Problemy z Kanonem Nowego Testamentu
Według Harper’s Bible Dictionary (Słownika Biblii Harper’a), “kanon Nowego Testamentu ma również bardzo skomplikowaną historię. …żaden z kanonicznych wykazów nie pojawia się wcześniej niż przed około 150r.n.e.. ..”292 John Reumann, w swojej książce Variety and Unity in New Testament Thought (Różnorodność i Jedność Myśli Nowego Testamentu), komentuje tą kwestię w następujący sposób: “Kanon jako zbiór pism staje się jeszcze bardziej problematyczny kiedy zdamy sobie sprawę jak różnią się one między sobą (podczas gdy pisma, które zostały wyłączone z kanonu, nie charakteryzują się gorszym stylem ani nie są późniejszej daty) lub też jak różniła się opinia na ich temat w czasie pierwszych stuleci chrześcijaństwa.”293
Graham Stanton dodaje: “Wczesny kościół zachował cztery ewangelie pomimo stałego zakłopotania spowodowanego istniejącymi różnicami. ..”294 Tym niemniej, New Catholic Encyclopedia (Nowa Encyklopedia Katolicka) twierdzi, “Wszystkie księgi kanonu są natchnione, choć debata nad tym czy mogły istnieć, lub istnieją w dniu dzisiejszym, inne natchnione księgi (które na przykład z powodu zaginięcia nie wchodzą w skład kanonu) jest wciąż żywa. Kościół nie jest w tej sprawie jednomyślny. Powszechnie wyznawana opinia głosi natomiast, że niektóre natchnione księgi prawdopodobnie zostały zagubione.”295 Skąd to czające się podejrzenie, że niektóre księgi zostały zagubione? Biblijny dowód, który znajdziemy w 1 Liście do Koryntian 5:9 oraz 2 Liście do Koryntian 2:3–9; 7:8–12 opisuje dwa zagubione listy Pawła.296 Paweł mówi również o “liście z Laodycei” w Liście do Kolosan 4:16—kto o nim słyszał? Co więcej, zaczynając na 1 Księdze Kronik 29:29, poprzez 2 Księgę Kronik 9:29 a kończąc na 2 Księdze Kronik 12:15, mowa jest w Starym Testamencie o sześciu zagubionych księgach.297 Tak więc, z całą pewnością, duża część pism została zagubiona. Jak dużo tekstu zostało dodane jest osobnym tematem równie żywej debaty.
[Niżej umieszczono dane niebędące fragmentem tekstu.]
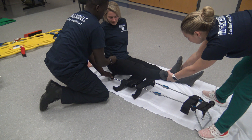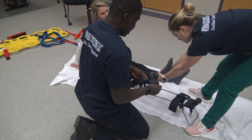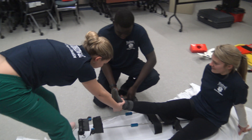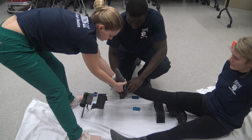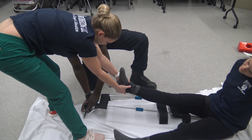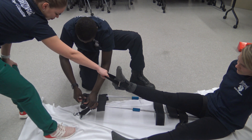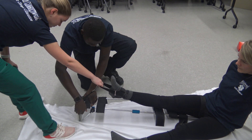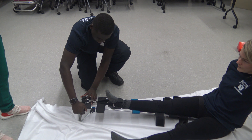I'm going to make sure that this strap is secure. I'm going to put the ankle hitch on. Now I'm going to tighten this until my patient feels relief and I'm going to go two clicks past that.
Pomijając zagubione księgi, pięć innych (2 List św. Piotra, 2 List św. Jana, 3 List św. Jana, Ew. wg św. Jakuba, Ew.wg. św. Judy) zostały odrzucone z kanonu Nowego Testamentu z powodu ich wątpliwej atrybucji. Mało tego, niektóre księgi wchodzące na początku w skład kanonu zostały odsunięte w mrok Apokryfy, nie zapominając o Liście do Hebrajczyków i Apokalipsie św. Jana, których autentyczność i prawowitość jest kwestionowana do dnia dzisiejszego.298 Nawet po “ostatecznej stabilizacji” Biblii w piątym wieku, powyższych pięć ksiąg (jak również List do Hebrajczaków i Apokalipsa św. Jana) nie przestało być kontrowersyjnymi.299 Ta kontrowersja okazała się tak problematyczna, że zapalczywie poszukiwano rozwiązania. W końcu, po ponad tysiącu lat debaty i braku zdecydowania, dogmatyczna definicja biblijnego kanonu została sformułowana 8 kwietnia 1564 przez Sobór Trydencki w dekrecie nazwanym De Canonicis Scripturis.300
Aby sprawiedliwości stało się zadość, wzmiankę o dwudziestu siedmiu księgach Nowego Testamentu znajdujemy już w 367 r.n.e., w corocznym pasterskim liście autorstwa Atanazego Wielkiego, biskupa Aleksandrii. Atanazy przedstawił w tym liście te dwadzieścia siedem ksiąg (i tylko one) jako Pismo Święte.301 Niestety, ani Atanazemu ani nikomu innemu nie udało się ustanowić powszechnie zaakceptowanego kanonu. Kościół Syryjski usunął pięć ksiąg ze swojego kanonu Nowego Testamentu (zawierającego dwadzieścia dwie księgi), podczas gdy Kościół Etiopski dodał cztery inne, mając końcowo trzydzieści jeden ksiąg wchodzących w skład Nowego Testamentu.302 Włączając księgi Starego Testamentu, tradycyjna katolicka Biblia (Douay-Rheims) jak również bardziej współczesne tłumaczenia—New American Bible oraz Revised Standard Version (wydanie katolickie)—zawiera siedemdziesiąt trzy księgi, o siedem więcej niż Biblia protestancka i o siedem mniej niż wersja Kościoła Ortodoksyjnego. Tak więc do dnia dzisiejszego, świat religii chrześcijańskiej pozostaje podzielony jeśli chodzi o kwestię spisu treści Nowego Testamentu.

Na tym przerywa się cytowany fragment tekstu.